Jobs, Industrial Policy and Votes



There is a good article on trade, manufacturing, unions and politics in The New Yorker by Dan Kaufmann: Will Trump's broken promises to working class voters cost him the election? (October 31, 2020).


It's an excellent review on the promises made by politicians ranging back to Jimmy Carter and Ronald Reagan, and extending until today, to "save" the American manufacturing sector. And what this means about politics and votes.

One of the stupidest things I hear over and over again is how “President X created Y jobs”. Unless they literally expanded the Federal workforce or passed a subsidy or regulatory plan (with Congressional approval and public resources) that directly resulted in employment, they didn’t.

Jobs are created by entrepreneurs, companies and other entities. Including non profits and state / municipal public entities which, by definition, frequently have nothing to do with the Federal Government.


Sure, they sometimes respond to incentives (like the green energy subsidies passed during the Obama administration) but it’s not surprising if these are temporary or distorting rather than sustainable. The economic cycle creates (or destroys) more jobs in any case.


Another deception I frequently encounter is about globalization and industrial policy. Crafting a real industrial policy to re-onshore manufacturing jobs in America (or anywhere else) is a process that requires decades of concerted and systematic effort as well as policies that cut across multiple government department and economic sectors. We don’t have that. We are not working towards that. We don’t understand it. Our society is not prepared for it. Our politicians cannot comprehend it and would never accept the political cost of it.

Industrial policy does require tariff policies but also requires a focus on long-term profitability and competence that is built up over economic cycles. It requires major investments in education and training, market observation, logisitcs, worker competitiveness, innovation and other factors. Most of all, it requires cross-shareholder and stakeholder consensus.

America is not about to make this kind of commitment. American shareholder capitalism is all about maximizing executive compensation and boosting stock valuations while massaging quarterly earnings numbers. It’s all about leverage and financial engineering. American politics are all about winning the next election and getting the tens of millions of dollars from special interests to do that.

A final comment: I have seen the impact of a Chinese industrial policy in action, on the shop floor, in enterprise investment plans and at the sectoral level for 23 years now. I saw what happened to the Ethiopian, Greek and Cypriot textile sectors when China entered the GATT and the WTO.


I saw what happened when Chinese exports of finished goods on the market are at a cheaper retail price than competing product ex factory prices (no wholesale or retail margin) in Kyrgystan and Kazakhstan.

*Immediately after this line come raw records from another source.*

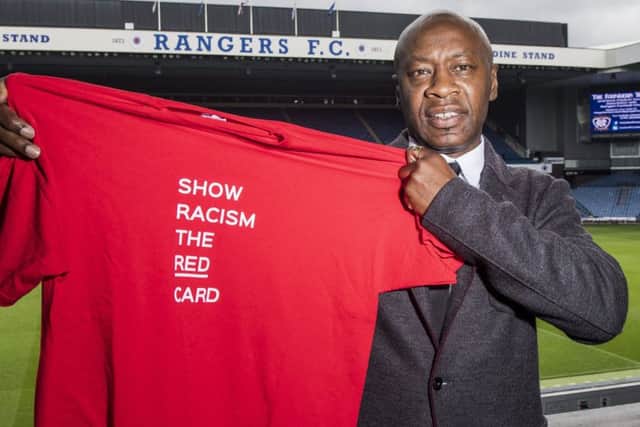 Mark Walters returned to Ibrox for a Show Racism the Red Card educational workshop with children from two local primary schools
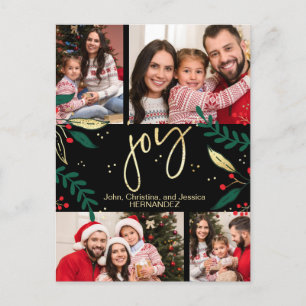Postal Festiva Joy Photo Red Gold Navidades Greenery Black
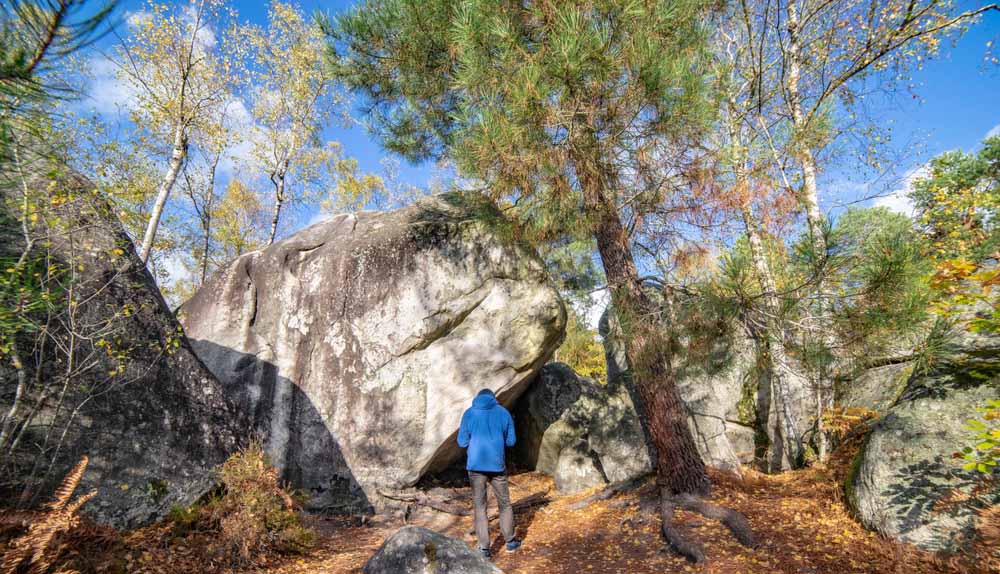 man preparing to boulder in fontainbleu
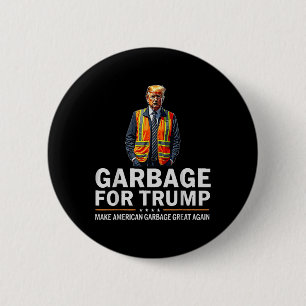 Bóton Redondo 5.08cm Donald Trump Garbyge Laranja Colete de Segurança R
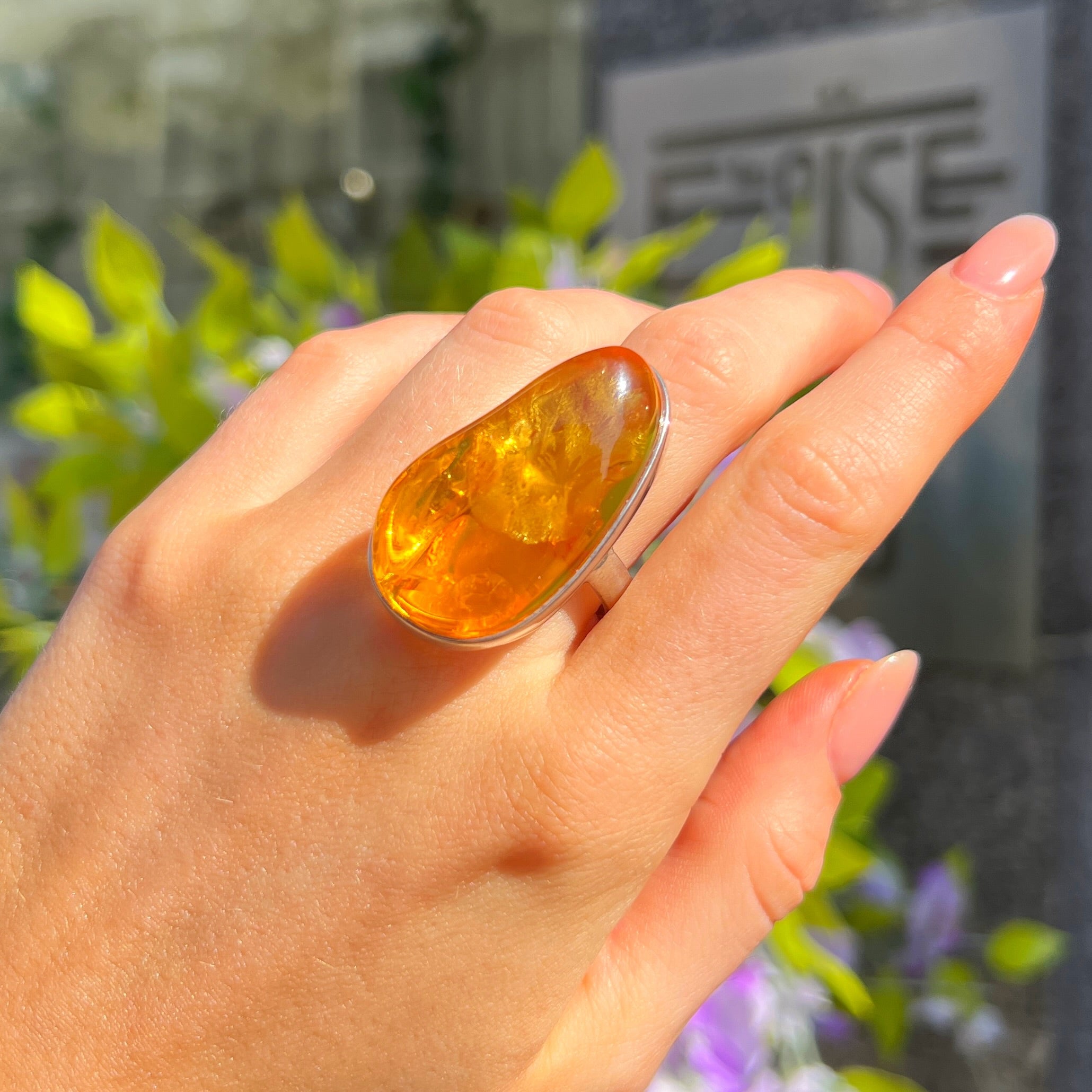 Orange Amber Sterling Silver Super Chunky Ring | Size R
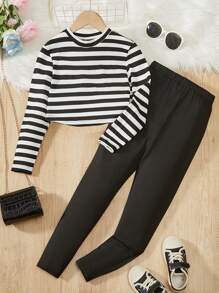 SHEIN Tween 女童休闲条纹长袖 T 恤和裤子套装 - 黑與白 - 查看 1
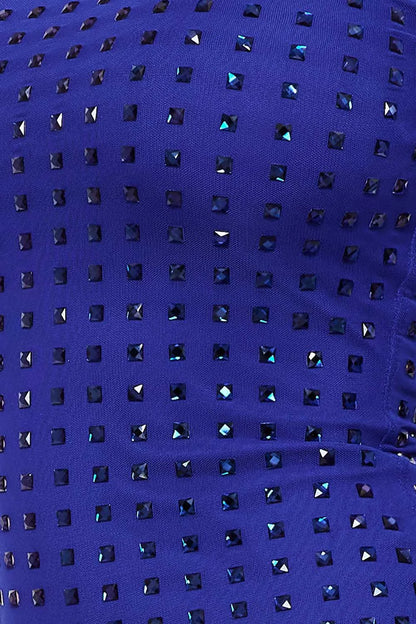 Vestido Corto  de Mesh con Piedras Manga larga Azul
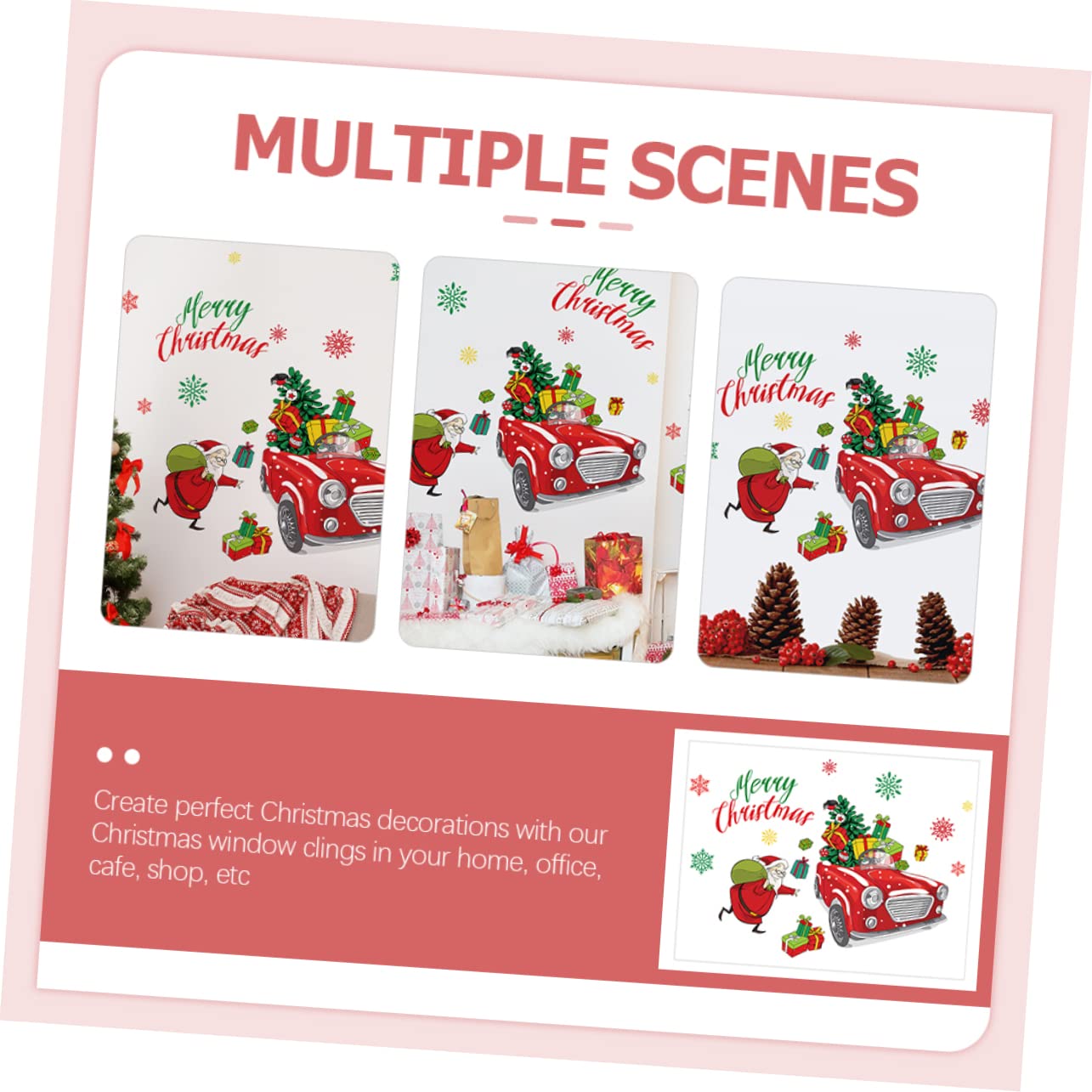 Alipis 4 Set Adesivo murale natalizio decalcomanie di babbo natale adesivo porta natale decorazioni invernali albero adesivo decorazioni natalizie per finestre vetrofanie natalizie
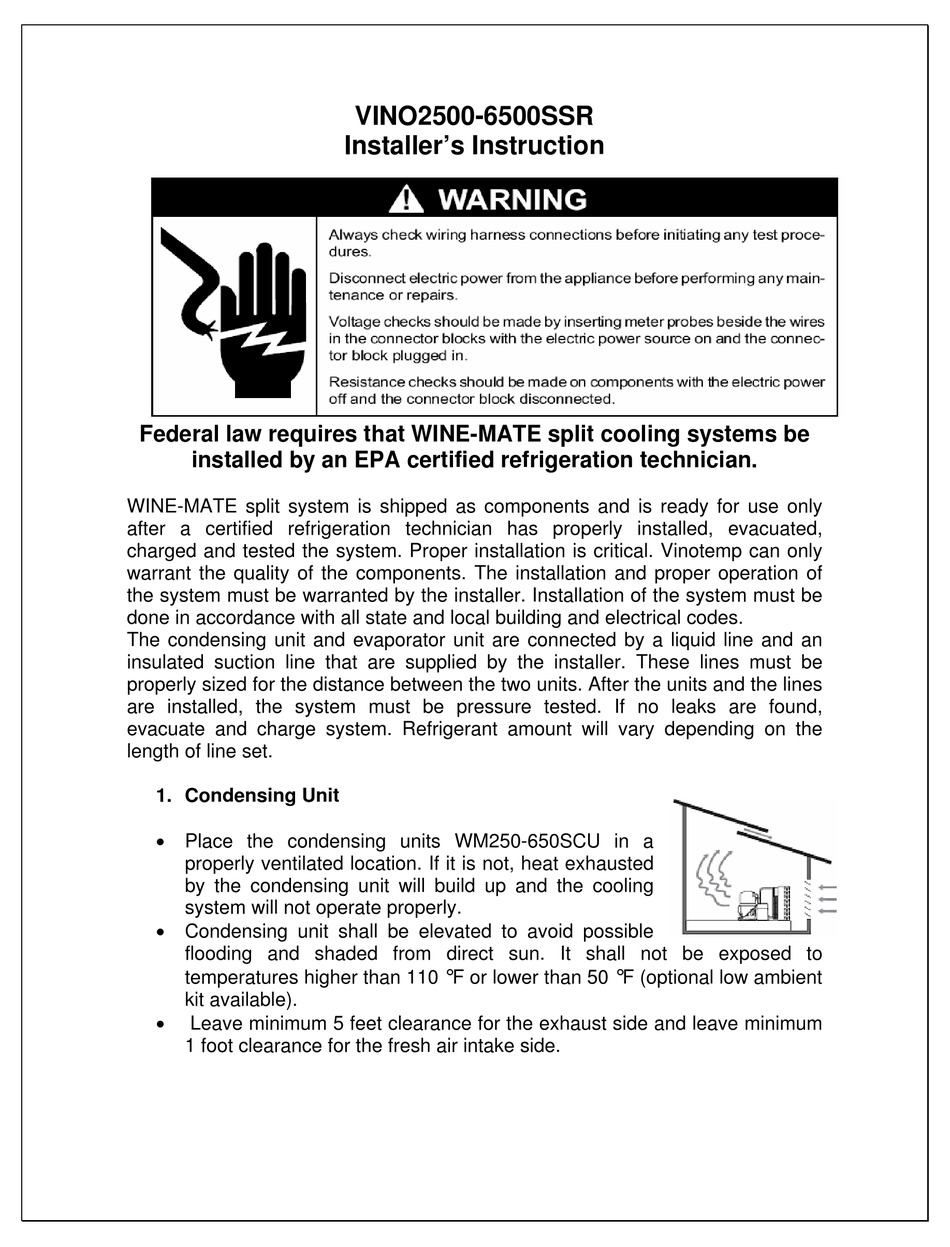 VINOTEMP WINEMATE VINO2500SSR INSTALLATION INSTRUCTIONS MANUAL Pdf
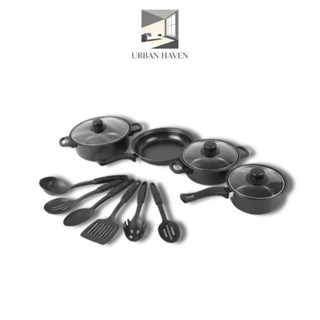 ชุดหม้อกระทะ 13 ชิ้น สไตล์เกาหลี - เคลือบหินไมฟานไม่ติด ใช้ไ…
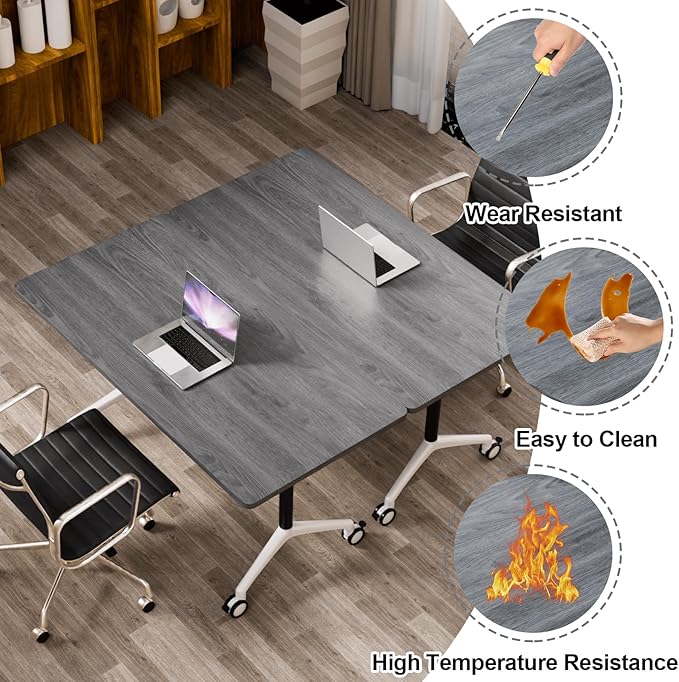 Folding Conference Table, Modern Large Conference Room Tables with Flip-Top Design, Foldable Conference Table Meeting Table with Wheels, Mobile Seminar Training Tables for Office Classroom (6, Oak)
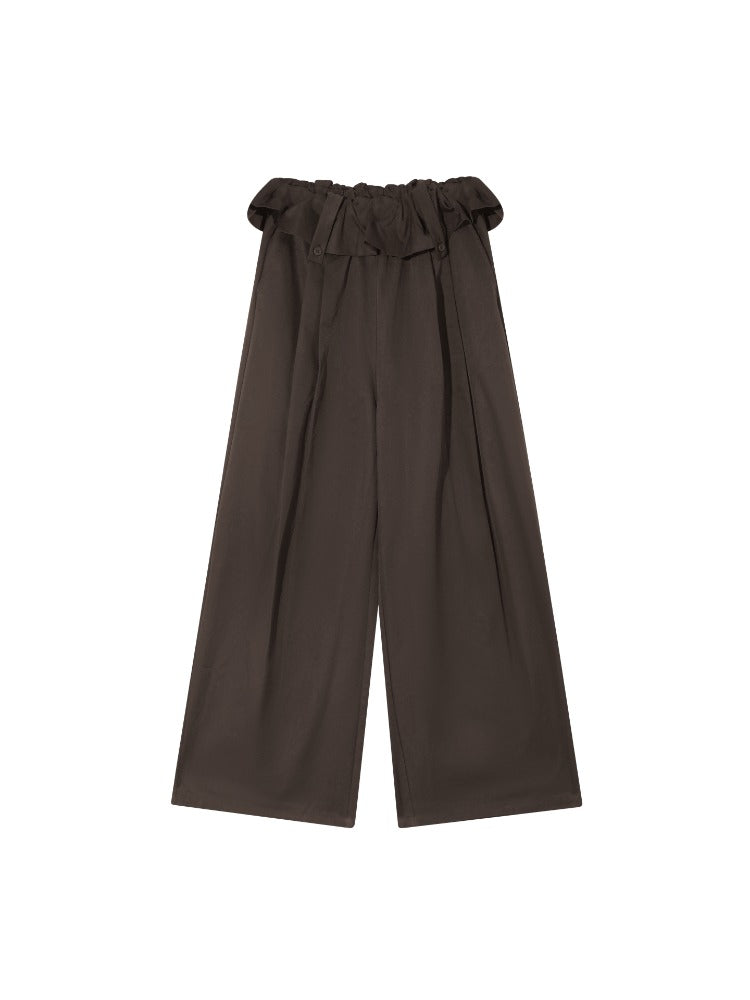 Brown & Black Fold-Waist Balloon Pants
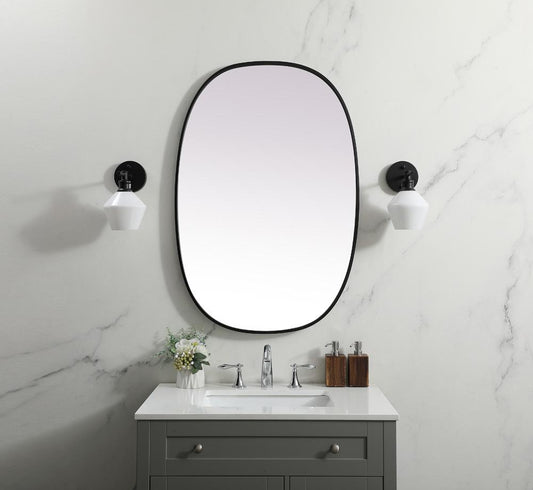 Elegant Furniture & Lighting - Brynn Metal Frame Oval Mirror 27x40 Inch in Black - MR2B2740BLK veiw 2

I’ve seen how, in the great re-equipping of the former Soviet Union, equipment budgets went from being 70% German and 20% Italian in the late 1990s to 70% Chinese by 2015, across multiple sectors (but not all sectors).

I’ve seen how Chinese factories now dominate the market for photovoltaic panels and certain categories of ships, and the wreckage of Greek, German and American shipyards and factories this has left behind.


China is an industrial giant that understands industrial policy and is able to make and implement strategic decisions on a 10-20 year basis. Whether we think this is fair or not, it is a fact and it’s not going to change any time soon. It says more about the success of China and our failure, rather than anything else.

Rather than condemn China, we would be better off trying to understand why our own socio-political-economic systems are such abject failures. The answers are easy to find.